Excerpts from a dataset:
*** Begin section ***

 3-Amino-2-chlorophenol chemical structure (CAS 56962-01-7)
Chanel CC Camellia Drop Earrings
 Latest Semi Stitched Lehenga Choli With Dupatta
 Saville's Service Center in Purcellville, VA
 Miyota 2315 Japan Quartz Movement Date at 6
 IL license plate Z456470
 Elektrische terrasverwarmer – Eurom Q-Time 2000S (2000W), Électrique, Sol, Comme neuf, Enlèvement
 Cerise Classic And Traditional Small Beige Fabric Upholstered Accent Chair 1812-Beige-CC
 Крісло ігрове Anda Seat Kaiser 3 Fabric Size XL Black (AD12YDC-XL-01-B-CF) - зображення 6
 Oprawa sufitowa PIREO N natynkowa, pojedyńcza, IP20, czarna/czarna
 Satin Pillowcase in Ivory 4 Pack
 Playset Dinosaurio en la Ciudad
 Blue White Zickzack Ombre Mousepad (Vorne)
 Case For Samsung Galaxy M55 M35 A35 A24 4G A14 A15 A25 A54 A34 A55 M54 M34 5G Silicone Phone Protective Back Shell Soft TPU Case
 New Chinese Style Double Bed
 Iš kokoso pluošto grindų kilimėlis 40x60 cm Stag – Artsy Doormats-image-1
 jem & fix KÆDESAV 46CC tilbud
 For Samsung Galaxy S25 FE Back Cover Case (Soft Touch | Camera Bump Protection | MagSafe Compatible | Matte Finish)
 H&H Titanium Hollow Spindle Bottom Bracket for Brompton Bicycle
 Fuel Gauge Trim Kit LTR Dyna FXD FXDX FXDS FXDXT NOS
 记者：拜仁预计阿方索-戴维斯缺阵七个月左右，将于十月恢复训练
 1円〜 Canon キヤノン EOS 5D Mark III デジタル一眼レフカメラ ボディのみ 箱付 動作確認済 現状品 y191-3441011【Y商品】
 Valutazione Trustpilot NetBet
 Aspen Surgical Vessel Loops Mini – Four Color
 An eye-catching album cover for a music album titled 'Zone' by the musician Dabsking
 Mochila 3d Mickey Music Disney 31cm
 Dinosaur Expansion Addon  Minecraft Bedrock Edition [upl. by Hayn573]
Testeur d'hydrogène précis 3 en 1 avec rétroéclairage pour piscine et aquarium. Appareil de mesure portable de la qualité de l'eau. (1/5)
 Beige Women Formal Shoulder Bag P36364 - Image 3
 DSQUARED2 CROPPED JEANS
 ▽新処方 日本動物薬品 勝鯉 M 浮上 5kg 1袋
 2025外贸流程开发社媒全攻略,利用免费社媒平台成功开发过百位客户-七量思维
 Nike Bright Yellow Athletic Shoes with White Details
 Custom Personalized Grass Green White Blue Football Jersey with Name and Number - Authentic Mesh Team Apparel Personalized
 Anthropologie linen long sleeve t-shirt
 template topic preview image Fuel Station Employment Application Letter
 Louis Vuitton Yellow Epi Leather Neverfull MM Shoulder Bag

*** End section ***

WORK REQUEST:
Consider the entries above and return each line with the string "Blue".

FINISHED EXERCISE:
 Blue White Zickzack Ombre Mousepad (Vorne)
 Custom Personalized Grass Green White Blue Football Jersey with Name and Number - Authentic Mesh Team Apparel Personalized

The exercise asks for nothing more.